What this task involves:
Leaving the pictures aside, return all of the data below exactly.

Collected data:
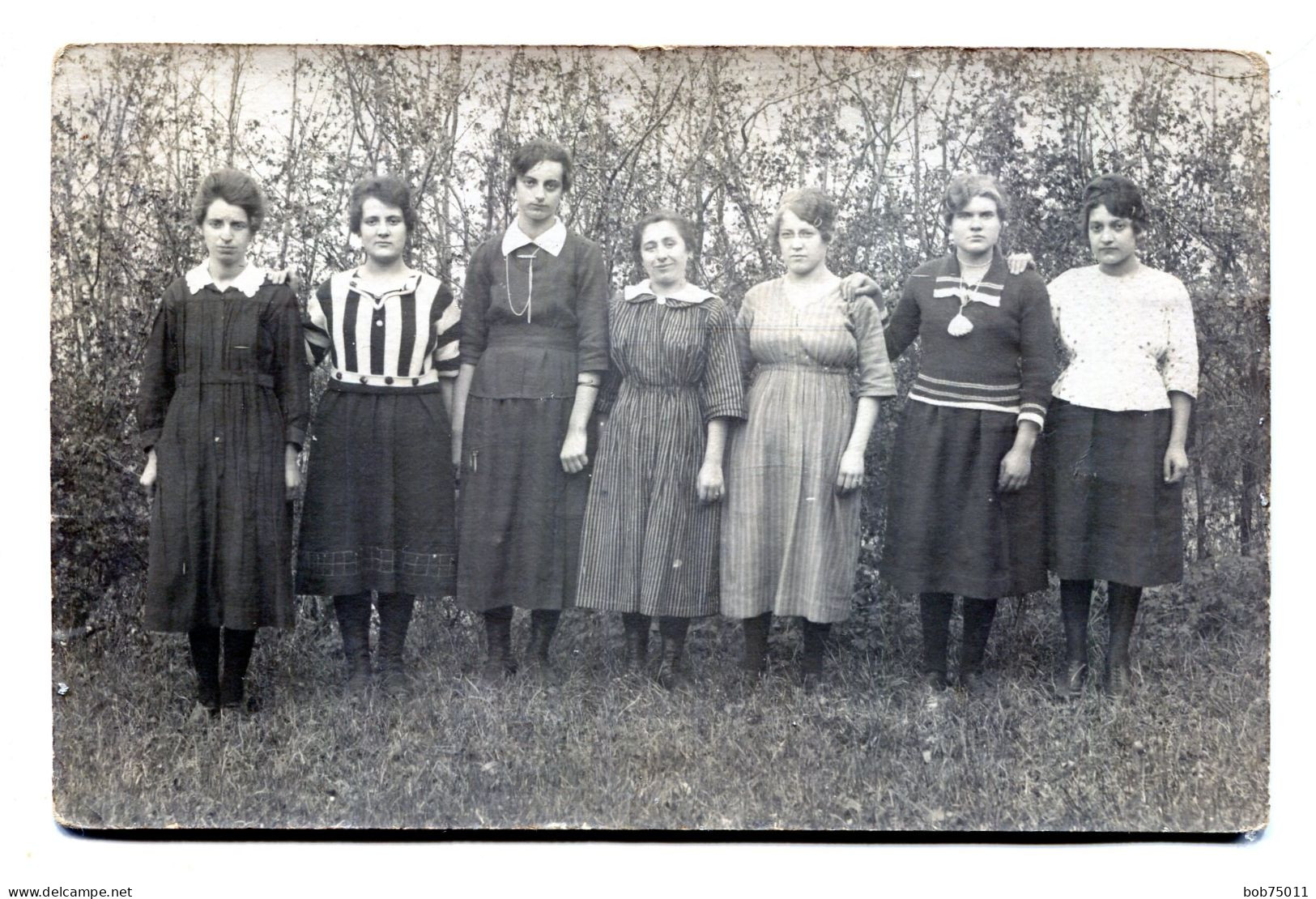 Carte Photo D'une Classe De Jeune Garcon élégant Posant Dans La Cour De Leurs école En 1933 - Personnes Anonymes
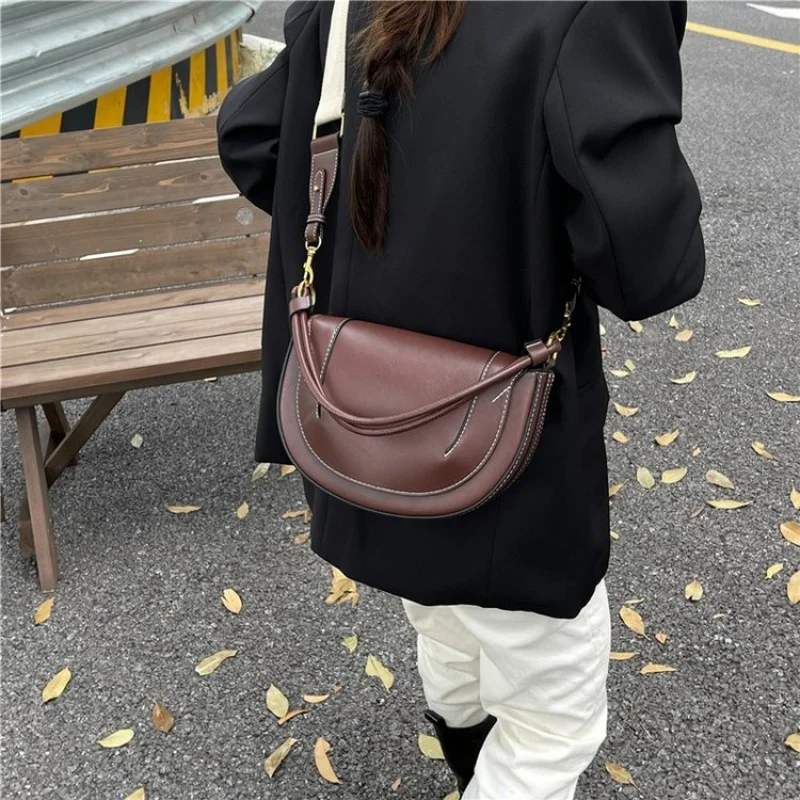

2025 New High-end Ladies Leather Hand Bag Luxury Brand Famous Designer Casual Vintage Paris​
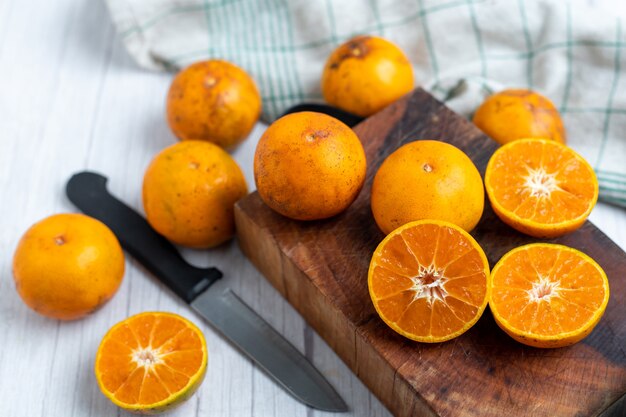 Fruta naranja en madera. Mandarinas. Naranjas mandarinas. Naranjas Vang Vieng. Fruta naranja fresca. Frutas sanas.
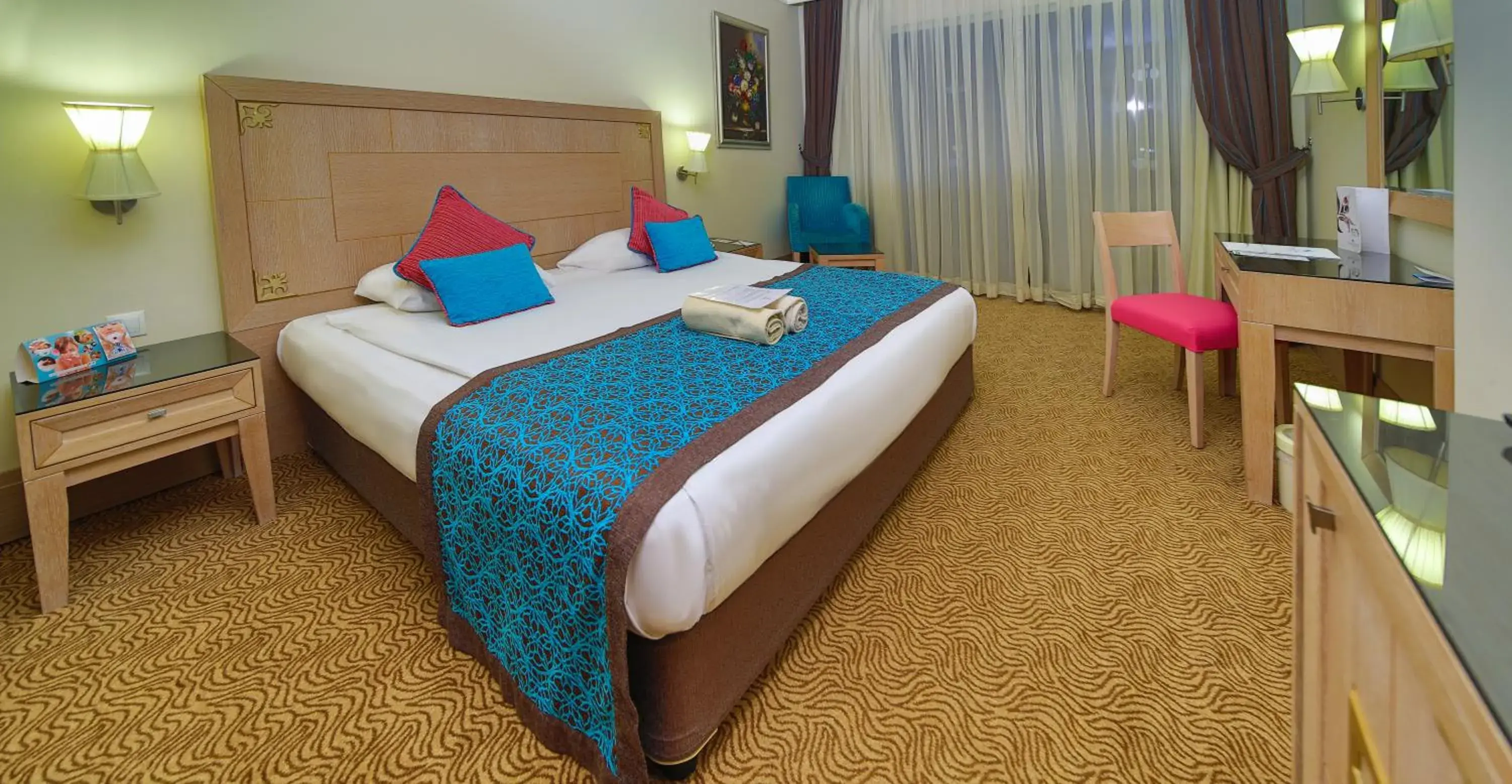 Property building, Bed in Crystal De Luxe Resort & Spa - All Inclusive Property building, Bed in Crystal De Luxe Resort & Spa - All Inclusive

Result of this exercise:
 Carte Photo D'une Classe De Jeune Garcon élégant Posant Dans La Cour De Leurs école En 1933 - Personnes Anonymes

2025 New High-end Ladies Leather Hand Bag Luxury Brand Famous Designer Casual Vintage Paris​
 Fruta naranja en madera. Mandarinas. Naranjas mandarinas. Naranjas Vang Vieng. Fruta naranja fresca. Frutas sanas.
 Property building, Bed in Crystal De Luxe Resort & Spa - All Inclusive Property building, Bed in Crystal De Luxe Resort & Spa - All Inclusive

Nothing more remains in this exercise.